How long did this scene last?

Not sure how long it was now, but it seems like I was doing gigs for quite a few years.

What were you aiming for, at that point?

I was beginning to think about maybe going into music as a full blown pro.

And did you?

No, is the short answer. I did look at the opportunities and I did do some auditions but I think with hindsight I can say I was confused about exactly what I did want.

How do you mean?

Well, I was now coming towards the end of my seven years apprenticeship, and although I did enjoy much of it, I had reached the conclusion that I didn’t really want to be a joiner for the rest of my life and I had become tired of being told what to do. Music had shown me another life altogether, and I was kinda hooked.
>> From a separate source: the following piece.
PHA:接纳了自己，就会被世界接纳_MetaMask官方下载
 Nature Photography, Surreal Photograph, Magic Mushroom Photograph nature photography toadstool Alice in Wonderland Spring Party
Two things were becoming clear to me, firstly, unless you were fabulously wealthy, going into music meant – in all probability – working for someone. Playing in someone else’s band. Secondly, to get such a job, you needed to be the greatest player in the universe.

Music at that time, wasn’t innovative in the sense we know it today. These days, or certainly until very recent trends which have rocked the industry, (and I don’t mean that in a musical sense), the trend is/was towards new music, new personalities, new bands.

Back then, it was ‘quality’. Loads of bands all doing the same thing, but each competing to be the ‘best’, the slickest, with an emphasis on arrangements.

Now obviously, there were and always will be exceptions, but in general terms, to get anywhere, you had to be a virtuoso performer. In that sense, it was a bit like classical music, where perfection is king.

There just wasn’t an industry supportive of new innovative music, as opposed to ‘quality’ performers. It was the ‘performance’ that mattered, even at the expense of interesting music.

Somewhere along the line it changed. It became new and continually innovative ideas achieved by any means, and not necessarily ‘played’. It was the ‘sound’ that mattered, no matter how it was achieved, not so much the ‘performance’. I suppose the logical conclusion of that process culminated with ‘Punk’, where any ability to play, to ‘perform’, actually became a handicap!

These days, you can be absolute crap musically, so long as you wear crazy clothes, to exaggerate only ever so slightly!

So what was the answer to the problem?

I had to confront the reality that going into music perhaps wasn’t the promised land I might have hoped. Gigging around had provided a great deal of freedom, and a whole lot of fun. If I was now going to go after money, a ‘living’, the game would change.

I knew I didn’t want to be a session drummer. Just turn up and play this, type of thing. Or be in a band and just play what was put in front of me. That was not for me.

So what was the solution?

There seemed only two options, do what I didn’t want to do, what for me would have seemed like a nine to five job, or quit music.

And that’s what you did?

Yes. I gave it up, or at least I gave up the ambition to be a pro. I hung on to the semi-pro thing for quite a long time, many years in fact, after all it was a very useful supplement to my then modest income, and it was simple, uncomplicated.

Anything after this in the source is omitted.